Justin Elie a également arrangé des œuvres d'autres compositeurs pour
des films muets. Les Studios Paramount, par exemple, ont demandé à
Elie de faire un arrangement de la Cinquième Symphonie de Tchaïkovski
(1). En 1930, Justin Elie écrit "Fantaisie Tropicale". Selon des
personnes bien informées dans l'industrie, cette composition était un
chef-d'œuvre. Malheureusement, il n'a jamais été publié en raison de sa
mort subite en décembre 1931.
Ludovic Lamothe fut un autre compositeur prolifique de la musique
classique haïtienne. Formé musicalement d'abord à Saint Louis de
Gonzague, il se rend ensuite à Paris (1910) pour compléter ses études
sur une bourse d'études.
À son retour en Haïti en 1911, il commence à travailler sur une série
de compositions pour piano. Son affinité pour Chopin lui a valu le
surnom de "The Black Chopin". Il était, cependant, plus que cela. Il a
intelligemment composé des pièces mêlant le folklore haïtien et le
classique. Il a écrit plusieurs meringues (rapides et lentes), parmi
lesquelles "Le Papillon Noir" et "La Dangereuse", une Méringue Lente
haïtienne typique avec son quintolet, forme rythmique caractéristique de
son œuvre (2).
Sa chanson la plus populaire, "Nibo" a été adaptée sur le rythme Ibo.

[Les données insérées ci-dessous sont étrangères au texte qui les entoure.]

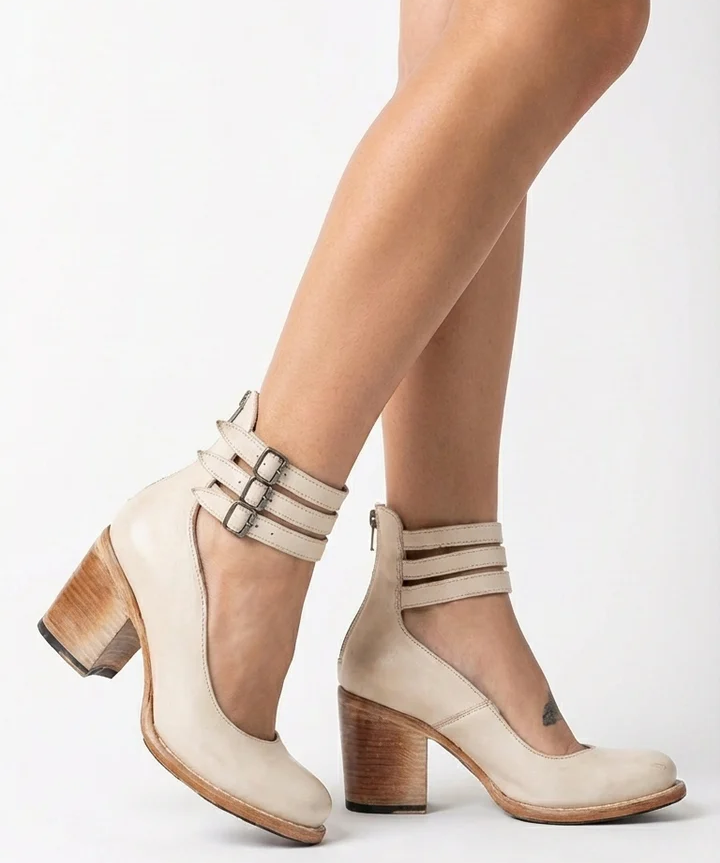 Ruxandra – Pantofi Eleganți cu Baretă
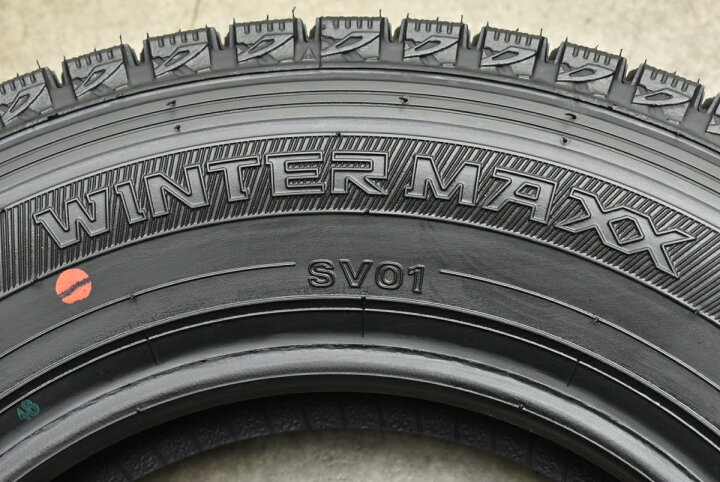 楽天市場】中古 ダンロップ スタッドレスタイヤ 4本セット 145/80R12 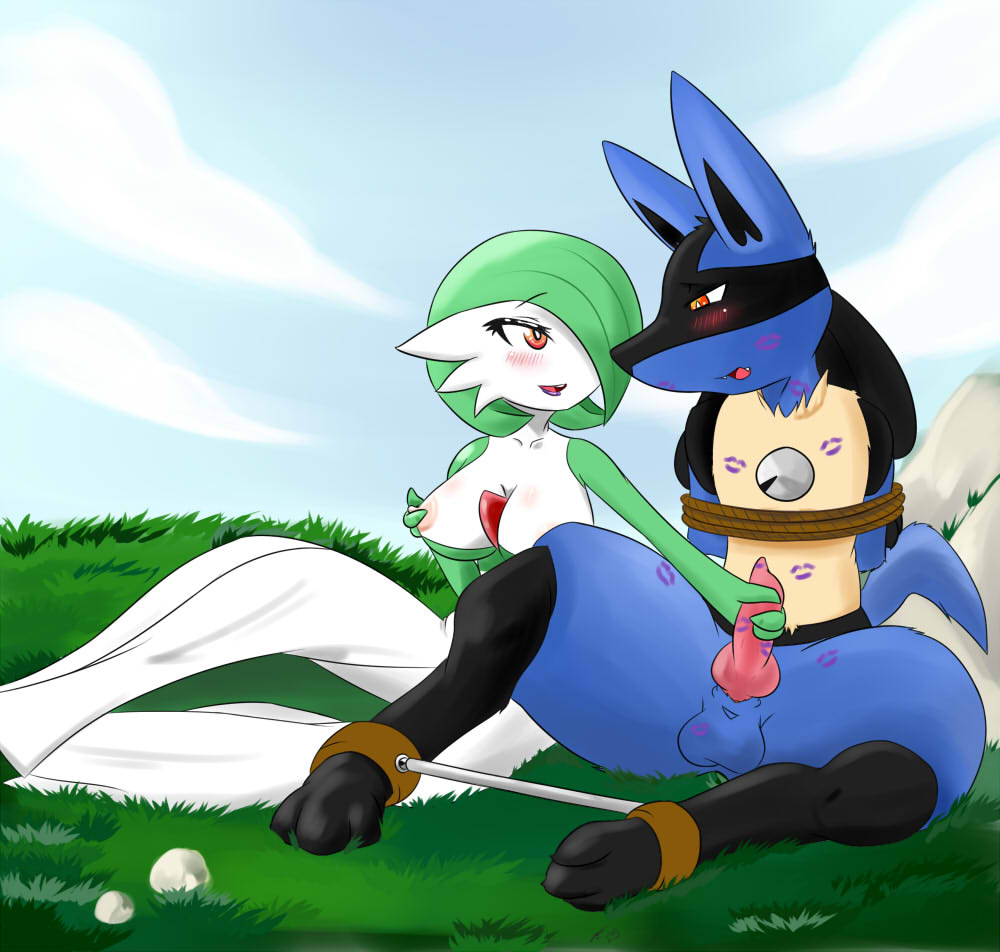 Rule34 - If it exists, there is porn of it  kamikitsu, gardevoir, lucario   605654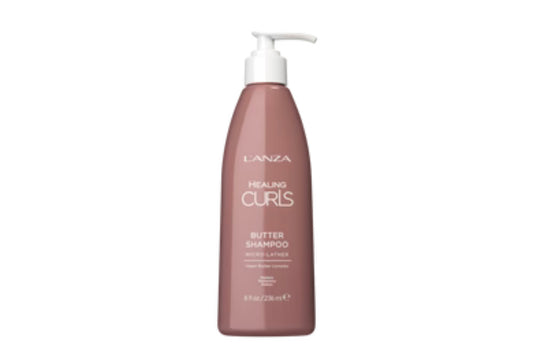 LANZA Healing CURLS butter shampoo
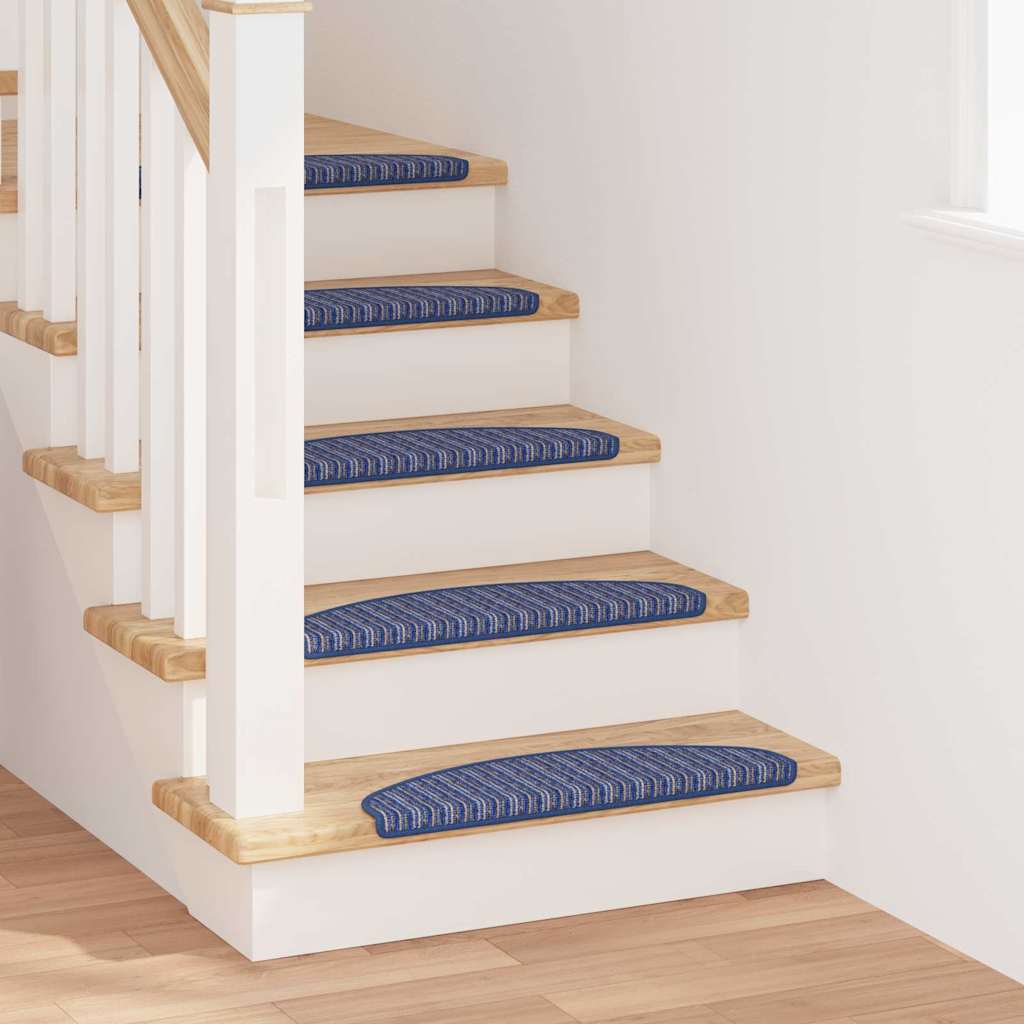 Selbstklebende Treppenschoner 15 pcs Anthrazit 56 x 17 x 3 cm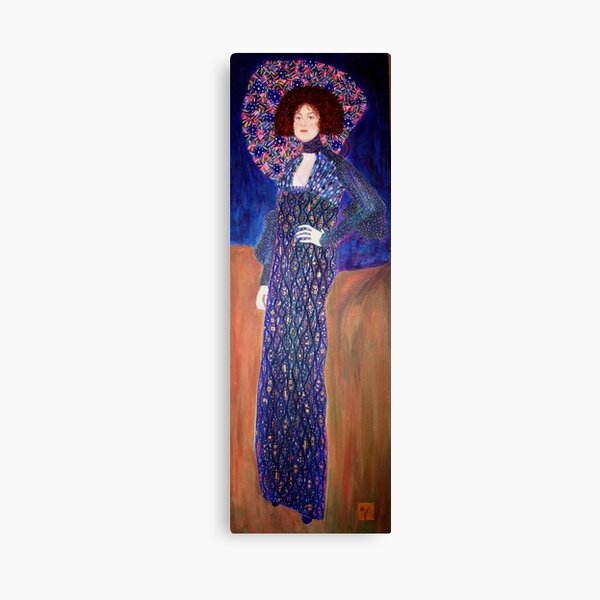 Aperçu de l'œuvre La Dame en bleu créée et vendue par virtue-nicole.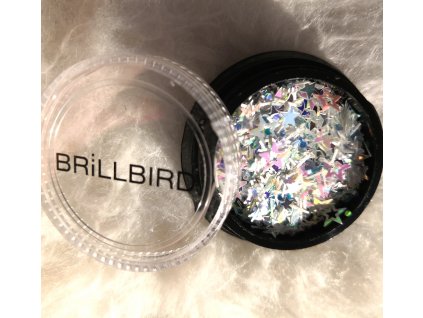 Nail art mix Stars 2 blue a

Composé en 1933, c'était une meringue carnavalesque exprimant ses
adieux aux troupes américaines occupant Haïti depuis 1915. La chanson a
été enregistrée plus tard en 1962 par l'Orchestre de Edner Guignard,
également connu sous le nom Orchestre El Rancho, après l'hôtel où
l’orchestre jouait toutes les fins de semaine.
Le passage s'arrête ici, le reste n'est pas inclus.